InsertAfter's Logo

Toward a stricter query string parser

TL.DR. Having a stricter query string policy adds value to APIs. Checkout strict-qs.

I my journey to the NodeJS HTTP server of my choice, I just reached a new milestone. Indeed, in the ancient ages, when PHP was my language of choice, I made a simple framework called Rest4.

One of its features was to strictly check for query params types, order and existence. I felt a bit disarmed when I figured out that most NodeJS frameworks follow a non restrictive path when it comes to parse query strings.

When no checks are done on query strings, you can end up with a lot of URIs pointing to the same resource. By example, in most applications the following URIs would serve the same resource:

  • /articles?q=test,

  • /articles?q=test&page=1,

  • /articles?page=1&q=test,

  • /articles?q=test&page=invalid,

  • /articles?q=test&page,

  • /articles?q=test&page=1&dummy=lol.

This has a lot of undesired effects.

Content duplication 🔗

If you are serving webpages you may want to avoid being downgraded in search engines. There are other ways to prevent this but with a strict query string policy it comes out of the box.

Harder caching 🔗

If you want to use the resource URI as a key in a Redis cache to speed up your API, you won't be able to use the URI as is, without being vulnerable to cache flooding.

You'll first have to create a canonical URI to store your contents and this extra compute will be done every time you will access your cache. Also public proxies often have their own interpretation of HTTP caching specs, providing unique URIs ensure you a better handling of your HTTP requests by them.

Messy logs 🔗

Logs get harder to reduce/compare/read until you reorder query strings yourself before logging. Even if you do that, your upstream tools (say NGinX, HAProxy, Fastly...) won't take advantage of it.

Defensive programming 🔗

Consider the following URI: /articles?q=test&page=1&page=1&page=1&page=1.

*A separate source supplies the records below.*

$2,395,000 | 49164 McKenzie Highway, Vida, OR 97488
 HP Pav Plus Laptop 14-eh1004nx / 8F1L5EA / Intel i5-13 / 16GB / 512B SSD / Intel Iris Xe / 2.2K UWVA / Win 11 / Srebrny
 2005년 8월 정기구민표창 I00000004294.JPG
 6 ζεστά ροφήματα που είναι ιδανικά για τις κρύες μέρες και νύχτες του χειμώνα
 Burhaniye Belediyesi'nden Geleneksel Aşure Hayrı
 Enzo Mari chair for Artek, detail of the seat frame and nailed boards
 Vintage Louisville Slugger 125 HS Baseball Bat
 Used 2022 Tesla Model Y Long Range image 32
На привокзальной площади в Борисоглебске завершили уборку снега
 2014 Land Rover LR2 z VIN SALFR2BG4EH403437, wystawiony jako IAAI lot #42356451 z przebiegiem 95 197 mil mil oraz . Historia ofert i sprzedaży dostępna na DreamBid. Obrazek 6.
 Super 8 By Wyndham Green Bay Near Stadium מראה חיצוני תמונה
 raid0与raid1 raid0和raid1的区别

With a simple query parser, it will lead to an array of pages which is probably not what you want. It leads to unexpected behavior and lots of attacks are based on it.

Just created strict-qs to match those issues. It simply builds an object whose properties are query parameters of the types you would expect. If you try it, let me know ;).

You'll still have to validate it with a JSONSchema validator since I wanted it to do one thing and do it well. There is plenty of JSONSchema validators, I currently use AJV.

Finally, there is still some work to achieve in order to ensure unicity of paths too. The following URIs would also lead to the same resource: /articles/1, /articles/0001, /articles/1/.

I updated siso to handle this problem too.

Published at lundi 12 décembre 2016 à 20:50:52.